Revenues generated from the oncology drugs were generally found to outpace minimum R&D costs quickly, with median cumulative revenues exceeding minimum R&D costs of $166m within two years, the median R&D costs of $684m within three years, and the maximum R&D costs of $2,060m within just over five years after market entry. By eight years of market entry, 91% of drugs surpassed the median R&D costs.
The researchers found a correlation between the level of added benefit a drug had and the associated revenues. Cumulative revenues three years after market entry generally increased with the level of added benefit. For medications with major and substantial added benefit, cumulative revenues three years after market entry were $502m and $506m higher respectively than drugs without benefit.
The researchers stated that the findings underscore ‘the need for better alignment between regulatory and reimbursement processes, particularly for drugs approved through expedited pathways’.

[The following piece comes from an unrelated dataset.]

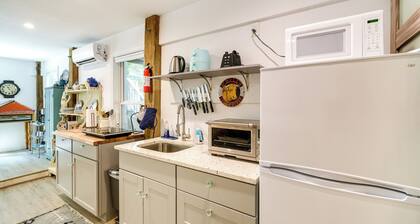 Kitty Hawk Vacation Rental w/ Pool & Hot Tub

They concluded: ‘It is crucial for policy makers to assess whether the current regulatory and reimbursement incentives are properly structured to promote and facilitate the development of the most effective drugs for patients with the greatest needs.
‘These findings could inform policy initiatives in the field of drug regulation and reimbursement, contributing to equitable and sustainable patient access to innovative treatments.’
In 2020, researchers found that while increasing numbers of oncology drugs are being approved my medicines regulators, cancer patients wait longer for innovative new cancer drugs than for more conventional treatments.